On every block, a few entrepreneurial folks sold T-shirts and other goodies. Pretzels were going for $5 down by the stadiums. “That markup is 1,000 percent,” said a fan who decided he’d wait to eat. T-shirts were going for $15, and beanies, $20.

At Benna’s West cafe on South Broad Street near Dickinson Street, co-owner Jossie Newman  revelled in a busy day of “absolute madness” that somehow stayed sane. “It’s been the best day,” she said. “We’ve let people bring their beer in, but everyone’s been courteous and there’s a new thing where people cheer when the bathroom door opens.”

Some fans waved signs with slogans like “We Won This Jawn,” “Big Dick Nick” (complete with anatomically correct illustration) and “Public Enemy Number One” (picturing commentator Chris Collinsworth, who questioned the Eagles touchdowns during the big game).

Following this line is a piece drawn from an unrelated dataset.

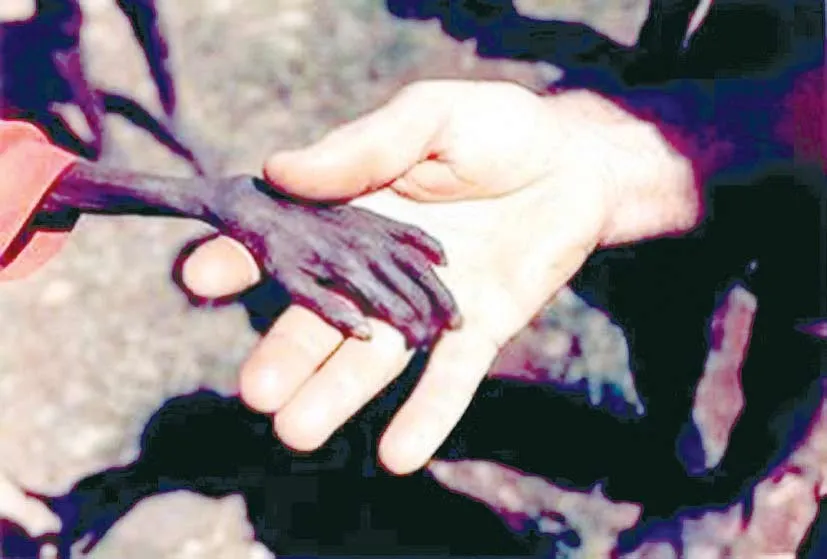 Hai mặt của thế giới hiện nay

There was even a protest. A small group of religious people waved signs down by the stadiums. An army of police stood watch, as passing fans ignored them or shouted insults.

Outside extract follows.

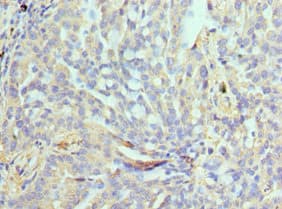 NPR2L / TUSC4 Antibody (aa1-220)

The police scanner was hopping long before the parade started, with police scrambling to remove fans who had climbed trees and clambered onto rooftops (including one along the Ben Franklin Parkway that was starting to cave in from the weight), restore order to convenience stores ravaged by boisterous fans, assist those hunting port-a-potties, and connect lost children with parents. Paramedics kept busy making rescue calls for everything from unconscious parade-goers to broken bones to at least one fan so drunk he could no longer walk.

Kahnisha Childrey, 32, of Lawncrest, was excited to share the parade with her kids — even though son Kyleaf says they should’ve gotten more than a day off from school.

Childrey was too nervous to watch the whole Super Bowl, so she turned off the TV halfway through. After the game, she wasn’t sure if she heard fireworks or gunshots outside.

“I called my friend, I said, ‘What happened, what happened?’ I started jumping up and down,” Childrey says.

Many commuters had a tough time getting to the parade — and getting home afterward. So some got creative as they tried to sidestep traffic congestion.

Kate Burke of Huntington Valley rented a yellow school bus to shuttle 45 kids and their parents from their neighborhood to the parade. Most of the kids on the bus got a school-sanctioned holiday to come celebrate — except Robert Mottershead’s kids, who go to Abington. He called them out sick. As a Philly schoolteacher, he was off today, so it’s only fair, he figured.

“A once-in-a-lifetime opportunity,” Mottershead said.

Karen Dean from West Deptford, New Jersey, walked through the parade crowd with a crutch after she tore the meniscus in her knee while celebrating too hard after the Birds’ NFC win.

“When I realized that the Eagles were going to the Super Bowl, I started crying, jumping up and down. A little later, I said, ‘oh, my knee hurts!,’ ” Dean said. “So Carson Wentz —  love you, buddy! You’re coming back — guess what, (her injury) didn’t keep me from here!”

As early as 5 a.m., lines at many Regional Rail stations snaked around walkways and parking lots, as revelers tried to beat the rush into the city.

Rocco Granato, of King of Prussia, is taking his son Christopher Strohm to the parade. “It still hasn’t sunken in,” Granato said about the Eagles’ win.

Kyle Roberts, 23, of Newtown, spent the frigid day in shorts, the only bare-legged fan among a crowd bulked up by winter wear.

“I gained a little weight, and I don’t fit into any pants,” he explained. “These shorts fit magically, so I’m going to rock these today. I went for a two-year streak without wearing pants, my freshman and sophomore years of college, so I think I’m well-weathered to sustain this [look] during the parade.”

Fan Prince Awo drove from Baltimore to watch the parade.

“I’ve been looking forward to this for years! 57, to be exact. I’m not 57 years old, but that’s how long,” Awo said, referring to the last time the Eagles won a championship. “Celebrate all day, all day! Dilly Dilly!”